Mit Horst Held gibt es nun auch einen neuen Manager auf Schalke – Überraschend wechselte er vom VFB Stuttgart nach Gelsenkirchen. Mit ihm will Magath die Meisterschaft nach Schalke holen. Dazu braucht man laut Held und Magath neue Spieler, die auch in der Champions League bestehen können. In einem Interview merkte Held an, dass ein Transfer von Raul von Real Madrid der Bundesliga gut tun würde – Dieses Gerücht über den Wechsel von Raul wurde ja bereits von Magath bestätigt, dennoch ist es noch nicht sicher, ob er kommt. Aber Held möchte gerne noch mehr Spieler kaufen – Keine Frage, dass möchte jeder Verein, dennoch muss man sich fragen, ob Schalke mehr ausgibt, als sie einnehmen?

In einem Interview sagte Held außerdem, dass Tönnies der Mann auf Schalke ist, der die Verantwortung hat, dass Schalke wirtschaftlich stabil bleibt und nicht wieder in die Krise stürtzt. Diese Aussage sehe ich als „extrem“ wichtig an. Es bringt nichts, wenn man nun Millionen aus dem Fenster schmeißt und am Ende hinter den Erwartungen zurück bleibt und vielleicht sogar die Champions League verpasst. Das ist theoretisch möglich. Diese Dinge müssen besprochen und genau verhandelt werden.

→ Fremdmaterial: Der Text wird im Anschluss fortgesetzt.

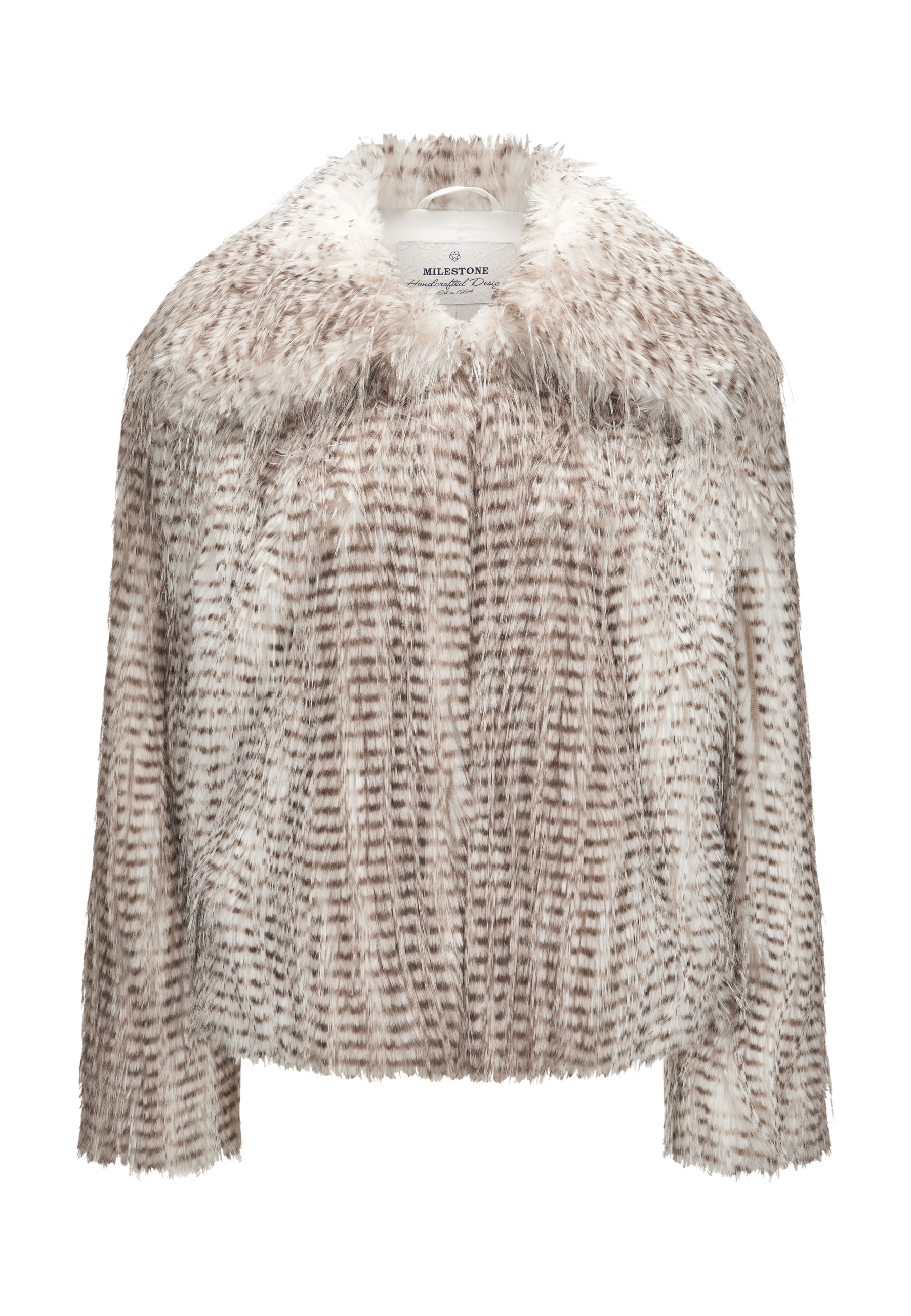 Milestone MSNelly Damen Jacke - Beige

Um Zahlen zu nennen: Bisher hat Tönnies 10 Millionen € für Transfers zugestimmt. Felix Magath fordert aber 30 Millionen € – Wenn man die Einnahmen aus der Champions League sieht, dann hat man das Geld zwar nicht komplett, aber fast schon wieder drin. Je nachdem wie weit man kommt, erhöhen sich die Gelder durch die Champions League Teilnahme.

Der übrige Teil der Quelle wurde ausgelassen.